FCA Policy Statement: Changes to the SCA-RTS and to the guidance in ‘Payment Services and Electronic Money - Our Approach’ and the Perimeter Guidance Manual (PS21/19)
Perimeter Guidance (Payment Services) Instrument 2021 (FCA 2021/44)
Technical Standards on Strong Customer Authentication and Common and Secure Methods of Communication (Amendment) (No 2) Instrument 2021 (FCA 2021/45)
Mortgage Prisoners Review published by FCA - 29 November 2021
The FCA has published its Mortgage Prisoners Review (CP 576) which aimed to look in more detail at the characteristics of mortgage prisoners and review the effect of recent regulatory interventions to remove barriers to switching. Mortgage prisoners are defined as borrowers who, despite being up to date with payments, cannot switch when it might benefit them to do so because they have loan and/or borrower characteristics that are outside current lender risk appetite.
The review sets out the loan and borrower characteristics of 195,000 mortgages in closed books with inactive firms.

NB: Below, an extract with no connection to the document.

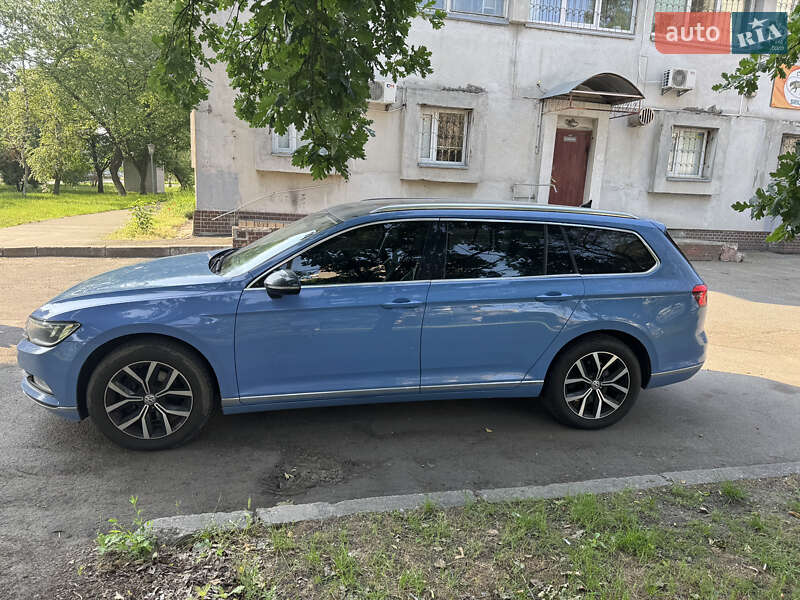 Універсал Volkswagen Passat 2015 в Києві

The FCA’s estimates that, of these borrowers, 47,000 are mortgage prisoners.
Appraising the impact of its regulatory interventions to date, the FCA observed that it had expected the flexibility provided by the modified affordability assessment to have enabled more borrowers to switch. The intra-group switching rule, which addresses situations where a borrower has a mortgage in a closed book and wants to switch to a new deal with an active lender in the same financial group as their current provider, seems to have been met with more success.

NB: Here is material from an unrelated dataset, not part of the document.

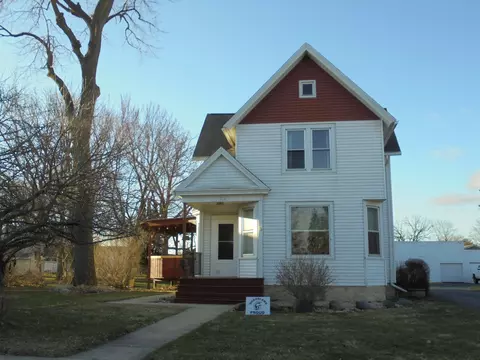 312 E Center St, Juneau, WI 53039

The FCA states that, aligned with its proposals for a new ‘consumer duty’, it wants to see a mortgage market that provides good outcomes for all borrowers. To achieve this goal the FCA will, among other things, carry out work to further understand the issues facing borrowers (in both closed and active books) who have interest-only or part repayment mortgages and who do not have a credible strategy to repay the capital borrowed at the end of the mortgage term.
The government and industry will use the review to consider further practical and proportionate solutions for mortgage prisoners.